Friday, March 26, 2010
INTERNATIONAL SPACE STATION
GROUP SAYS INTERNATIONAL SPACE STATION SHOULD FOCUS ON EARTHBOUND, DOMESTIC ISSUES
May 12 2008
Washington, D.C. – These days NASA seems to spend more time defending itself than it does exploring space. With the aging shuttle program limping along, wearisome probe launches, and the seemingly impossible task of regaining any level of public interest, the criticism seems warranted. No project of late though has received as much flack as the International Space Station.
The now ten years in development project (due to be completed in 2010( has received much criticism. Generally that talk has circled around the notion that the money being spent could be better used in other projects, or even repurposed away from the space agency entirely and directed into other government programs.
Now, a new group has levelled a different type of objection against NASA, the ISS partners, and the station itself.
“The Peoples for Domestication Front” is a Jacksonville Florida based advocacy group. They have taken a slightly different tact from the normal protestations against the station.
“We believe the station should be constructed,” said Dwight Hershen, spokesperson for the group. “But we believe it should be produced here on Earth.”
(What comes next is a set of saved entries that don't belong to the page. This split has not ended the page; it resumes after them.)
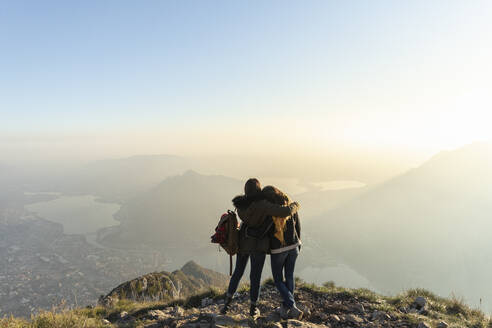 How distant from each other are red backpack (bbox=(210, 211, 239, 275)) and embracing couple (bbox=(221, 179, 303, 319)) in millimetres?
125

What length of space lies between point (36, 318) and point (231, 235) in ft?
13.3

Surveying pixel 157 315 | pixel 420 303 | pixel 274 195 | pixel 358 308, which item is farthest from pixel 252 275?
pixel 420 303

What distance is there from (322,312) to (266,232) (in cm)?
289

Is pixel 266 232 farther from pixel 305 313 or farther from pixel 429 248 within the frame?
pixel 429 248

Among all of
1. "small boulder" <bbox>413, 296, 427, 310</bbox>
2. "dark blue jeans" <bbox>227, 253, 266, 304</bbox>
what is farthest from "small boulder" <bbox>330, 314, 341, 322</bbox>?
"small boulder" <bbox>413, 296, 427, 310</bbox>

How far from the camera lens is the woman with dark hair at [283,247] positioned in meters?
4.79

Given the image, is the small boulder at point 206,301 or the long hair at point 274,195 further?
the small boulder at point 206,301

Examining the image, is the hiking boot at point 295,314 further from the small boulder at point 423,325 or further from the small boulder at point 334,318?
the small boulder at point 423,325

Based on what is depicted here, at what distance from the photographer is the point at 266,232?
4773mm

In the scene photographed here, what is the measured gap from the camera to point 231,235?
4.93 m

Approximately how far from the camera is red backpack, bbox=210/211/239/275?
491 cm

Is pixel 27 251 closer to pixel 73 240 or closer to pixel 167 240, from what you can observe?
pixel 73 240

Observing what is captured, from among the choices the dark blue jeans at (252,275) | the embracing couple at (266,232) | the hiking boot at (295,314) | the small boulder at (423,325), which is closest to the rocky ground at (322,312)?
the small boulder at (423,325)

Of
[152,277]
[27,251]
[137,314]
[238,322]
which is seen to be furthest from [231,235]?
[27,251] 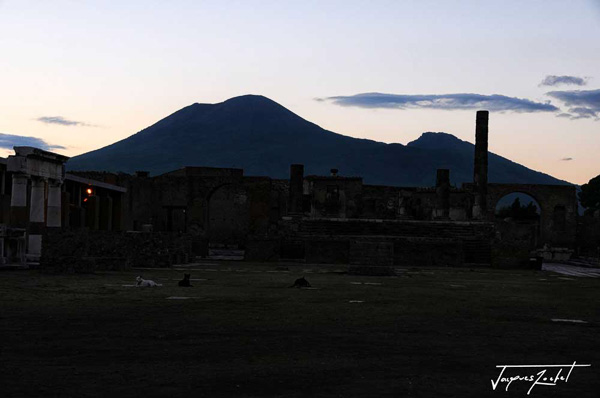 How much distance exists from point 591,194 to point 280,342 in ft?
327

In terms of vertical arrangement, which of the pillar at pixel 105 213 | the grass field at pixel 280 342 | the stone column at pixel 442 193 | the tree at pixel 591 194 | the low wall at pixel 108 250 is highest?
the tree at pixel 591 194

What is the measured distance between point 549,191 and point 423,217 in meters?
10.8

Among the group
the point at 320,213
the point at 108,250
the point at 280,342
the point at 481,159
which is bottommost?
the point at 280,342

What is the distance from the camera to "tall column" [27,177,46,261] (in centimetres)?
2645

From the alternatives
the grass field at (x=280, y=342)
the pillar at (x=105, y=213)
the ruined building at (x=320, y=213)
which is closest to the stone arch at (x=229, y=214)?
the ruined building at (x=320, y=213)

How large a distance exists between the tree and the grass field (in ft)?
296

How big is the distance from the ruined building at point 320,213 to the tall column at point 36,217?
840 cm

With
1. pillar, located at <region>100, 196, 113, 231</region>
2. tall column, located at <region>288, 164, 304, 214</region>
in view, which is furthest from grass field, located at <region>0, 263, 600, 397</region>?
tall column, located at <region>288, 164, 304, 214</region>

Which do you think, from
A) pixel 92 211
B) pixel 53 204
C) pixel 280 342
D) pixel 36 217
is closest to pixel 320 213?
pixel 92 211

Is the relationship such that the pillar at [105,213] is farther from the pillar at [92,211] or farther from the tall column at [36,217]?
the tall column at [36,217]

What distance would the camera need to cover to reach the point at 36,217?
26750 mm

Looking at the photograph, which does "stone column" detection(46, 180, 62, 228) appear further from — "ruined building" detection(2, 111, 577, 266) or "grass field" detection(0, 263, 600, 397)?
"grass field" detection(0, 263, 600, 397)

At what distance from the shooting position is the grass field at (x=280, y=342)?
6.28 metres

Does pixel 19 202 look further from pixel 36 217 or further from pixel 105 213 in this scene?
pixel 105 213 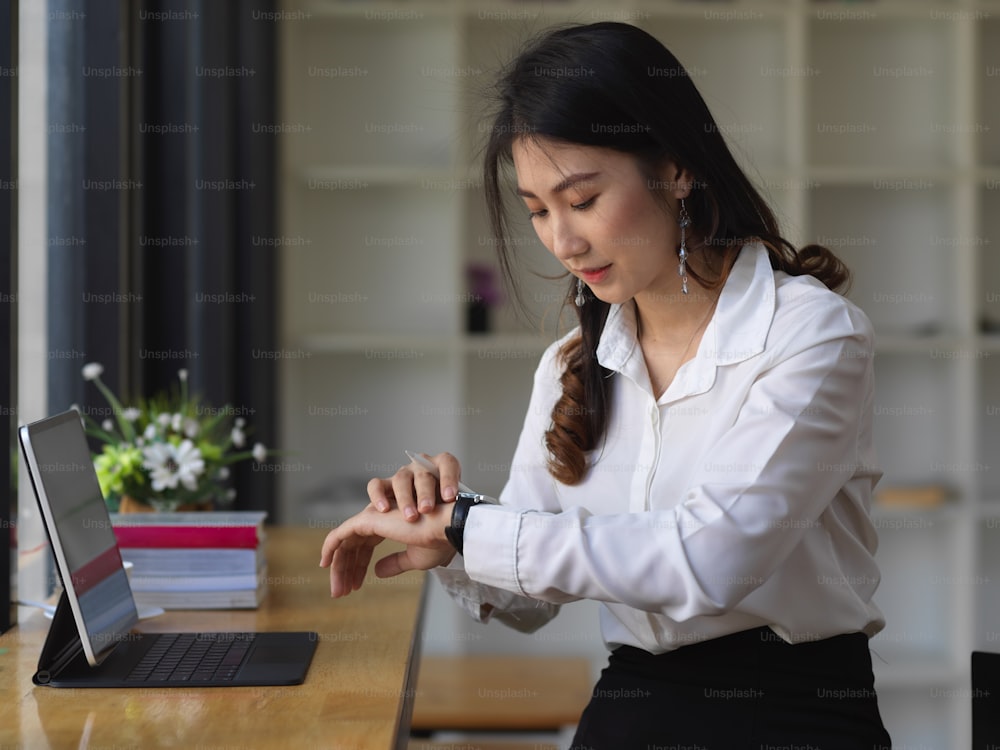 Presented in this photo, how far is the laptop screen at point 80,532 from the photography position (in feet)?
4.31

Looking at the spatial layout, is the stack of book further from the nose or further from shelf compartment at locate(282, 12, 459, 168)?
shelf compartment at locate(282, 12, 459, 168)

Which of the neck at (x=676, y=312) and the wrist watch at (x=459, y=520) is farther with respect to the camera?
the neck at (x=676, y=312)

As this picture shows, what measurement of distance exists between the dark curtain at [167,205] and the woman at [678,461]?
103cm

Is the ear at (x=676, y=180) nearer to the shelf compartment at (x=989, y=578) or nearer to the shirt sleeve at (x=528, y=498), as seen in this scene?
the shirt sleeve at (x=528, y=498)

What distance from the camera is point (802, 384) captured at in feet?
4.31

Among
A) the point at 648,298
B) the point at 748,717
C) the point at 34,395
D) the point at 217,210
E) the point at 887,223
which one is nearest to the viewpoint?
the point at 748,717

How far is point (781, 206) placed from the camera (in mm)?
3488

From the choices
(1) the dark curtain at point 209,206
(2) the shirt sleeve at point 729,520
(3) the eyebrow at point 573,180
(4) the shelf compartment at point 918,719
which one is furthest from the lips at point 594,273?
(4) the shelf compartment at point 918,719

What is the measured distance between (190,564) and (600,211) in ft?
2.81

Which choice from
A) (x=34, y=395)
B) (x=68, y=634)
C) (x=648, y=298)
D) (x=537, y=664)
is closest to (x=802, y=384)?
(x=648, y=298)

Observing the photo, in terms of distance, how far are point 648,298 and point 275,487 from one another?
6.98ft

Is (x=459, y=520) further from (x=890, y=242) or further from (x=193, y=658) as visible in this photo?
(x=890, y=242)

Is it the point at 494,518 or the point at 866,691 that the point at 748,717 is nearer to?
the point at 866,691

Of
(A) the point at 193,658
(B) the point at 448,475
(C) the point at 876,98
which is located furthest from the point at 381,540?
(C) the point at 876,98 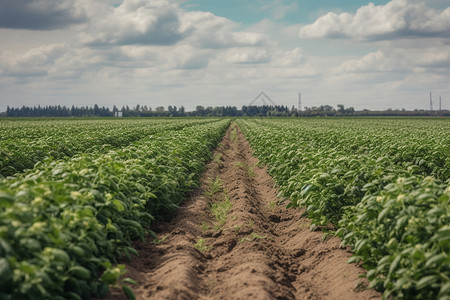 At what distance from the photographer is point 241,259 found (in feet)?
19.4

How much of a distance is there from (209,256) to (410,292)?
304cm

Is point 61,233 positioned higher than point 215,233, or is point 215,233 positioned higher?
point 61,233

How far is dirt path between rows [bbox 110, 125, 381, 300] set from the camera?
189 inches

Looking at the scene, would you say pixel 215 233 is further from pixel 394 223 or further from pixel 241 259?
pixel 394 223

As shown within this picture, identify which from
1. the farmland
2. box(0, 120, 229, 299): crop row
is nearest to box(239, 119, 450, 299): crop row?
the farmland

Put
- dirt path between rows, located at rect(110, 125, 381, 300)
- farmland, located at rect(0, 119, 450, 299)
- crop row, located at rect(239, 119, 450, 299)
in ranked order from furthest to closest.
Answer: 1. dirt path between rows, located at rect(110, 125, 381, 300)
2. crop row, located at rect(239, 119, 450, 299)
3. farmland, located at rect(0, 119, 450, 299)

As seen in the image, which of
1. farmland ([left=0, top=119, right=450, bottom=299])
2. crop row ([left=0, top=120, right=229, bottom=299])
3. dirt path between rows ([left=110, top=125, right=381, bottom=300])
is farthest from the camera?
dirt path between rows ([left=110, top=125, right=381, bottom=300])

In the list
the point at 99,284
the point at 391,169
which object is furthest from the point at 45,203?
the point at 391,169

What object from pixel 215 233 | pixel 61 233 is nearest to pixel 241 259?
pixel 215 233

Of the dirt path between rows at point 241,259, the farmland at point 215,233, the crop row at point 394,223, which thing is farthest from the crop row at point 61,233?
the crop row at point 394,223

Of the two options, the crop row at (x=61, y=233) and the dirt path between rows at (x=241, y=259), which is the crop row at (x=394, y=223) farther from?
the crop row at (x=61, y=233)

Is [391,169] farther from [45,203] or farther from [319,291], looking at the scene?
[45,203]

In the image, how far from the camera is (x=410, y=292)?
3.94m

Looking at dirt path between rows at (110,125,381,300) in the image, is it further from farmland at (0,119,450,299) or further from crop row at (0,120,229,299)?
crop row at (0,120,229,299) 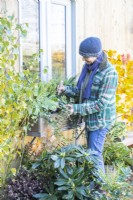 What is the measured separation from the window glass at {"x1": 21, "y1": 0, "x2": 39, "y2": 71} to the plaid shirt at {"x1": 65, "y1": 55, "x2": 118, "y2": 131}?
2.32 feet

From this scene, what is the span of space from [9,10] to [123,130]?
1.96 m

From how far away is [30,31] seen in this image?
4219 mm

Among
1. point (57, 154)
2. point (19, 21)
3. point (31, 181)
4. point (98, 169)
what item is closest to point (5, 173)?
point (31, 181)

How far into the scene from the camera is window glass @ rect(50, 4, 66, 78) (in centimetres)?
450

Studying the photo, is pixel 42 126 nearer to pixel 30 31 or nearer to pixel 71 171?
pixel 71 171

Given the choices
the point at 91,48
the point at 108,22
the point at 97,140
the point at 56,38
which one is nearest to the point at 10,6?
the point at 56,38

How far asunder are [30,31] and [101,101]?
1.14 meters

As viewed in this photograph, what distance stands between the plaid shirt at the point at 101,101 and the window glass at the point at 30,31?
0.71 m

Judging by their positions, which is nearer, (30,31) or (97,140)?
(97,140)

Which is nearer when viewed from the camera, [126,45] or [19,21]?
[19,21]

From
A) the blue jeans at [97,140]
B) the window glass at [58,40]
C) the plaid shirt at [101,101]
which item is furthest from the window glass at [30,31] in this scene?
the blue jeans at [97,140]

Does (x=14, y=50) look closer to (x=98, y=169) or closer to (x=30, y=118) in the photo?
(x=30, y=118)

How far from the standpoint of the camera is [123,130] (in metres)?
4.81

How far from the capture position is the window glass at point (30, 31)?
13.5ft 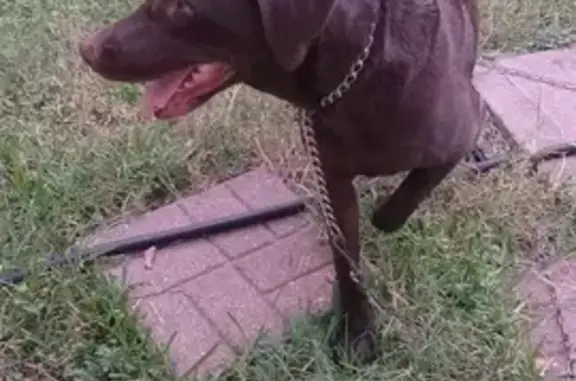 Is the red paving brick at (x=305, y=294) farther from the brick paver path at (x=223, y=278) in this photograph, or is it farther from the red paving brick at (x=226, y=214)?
the red paving brick at (x=226, y=214)

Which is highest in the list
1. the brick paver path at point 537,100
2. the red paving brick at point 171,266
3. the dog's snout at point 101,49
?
the dog's snout at point 101,49

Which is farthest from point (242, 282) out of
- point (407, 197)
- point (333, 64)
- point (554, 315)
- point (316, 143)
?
point (333, 64)

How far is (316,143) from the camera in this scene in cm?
223

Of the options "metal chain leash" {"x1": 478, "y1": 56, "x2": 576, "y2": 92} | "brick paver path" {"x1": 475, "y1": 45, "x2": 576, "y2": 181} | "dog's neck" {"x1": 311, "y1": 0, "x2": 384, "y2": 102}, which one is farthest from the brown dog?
"metal chain leash" {"x1": 478, "y1": 56, "x2": 576, "y2": 92}

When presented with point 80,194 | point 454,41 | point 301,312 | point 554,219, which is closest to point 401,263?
point 301,312

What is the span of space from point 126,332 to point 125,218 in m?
0.45

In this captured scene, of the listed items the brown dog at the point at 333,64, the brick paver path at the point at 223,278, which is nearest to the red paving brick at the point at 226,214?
the brick paver path at the point at 223,278

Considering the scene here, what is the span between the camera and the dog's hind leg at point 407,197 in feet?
8.07

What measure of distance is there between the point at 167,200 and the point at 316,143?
832 millimetres

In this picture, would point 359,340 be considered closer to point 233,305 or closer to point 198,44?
point 233,305

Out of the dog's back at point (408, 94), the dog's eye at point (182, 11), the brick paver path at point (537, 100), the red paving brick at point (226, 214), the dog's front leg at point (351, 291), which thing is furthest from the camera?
the brick paver path at point (537, 100)

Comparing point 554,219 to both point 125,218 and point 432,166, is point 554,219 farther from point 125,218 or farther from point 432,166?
point 125,218

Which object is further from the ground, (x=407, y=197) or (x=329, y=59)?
(x=329, y=59)

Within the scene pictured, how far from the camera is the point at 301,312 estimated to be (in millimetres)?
2588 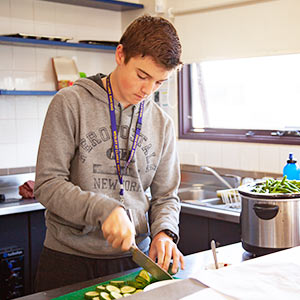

The issue at stake is the highly specialized nature of the construction taking away jobs from Earth bound labourers and support workers. They also believe that the involvement of other countries is unneeded being that the bulk of the work and cost is being taken on by US interests as it is.
“With the growing economic crisis here in the United States it is totally unreasonable to be outsourcing jobs to space. We lose jobs to Mexico, to China, and now to outer space. How is a worker making fifteen bucks an hour going to afford to be able to commute to space? He can’t. This outsourcing and ‘specializing’ is ruining the US economy and everything it is based on. The station should be built here, in the good old USA.”
The problems with such a prospect are numerous though. “Our partners are very important to the completion of the project. There is a great deal of specialty work that goes into a project of this nature and we in the America don’t necessarily have a monopoly on it,” said David Humphries the media relations officer for the ISS. “It would also be impossible to build the station terrestrially because of gravity. The parts are produced on Earth and then assembled in space, but it would kind of defeat the purpose of building a space station if we were building it on Earth.”
The PDF though is undeterred. “We are going to take this to the Supreme Court if we need to. America must remain the number one priority of the world, no matter the cost.”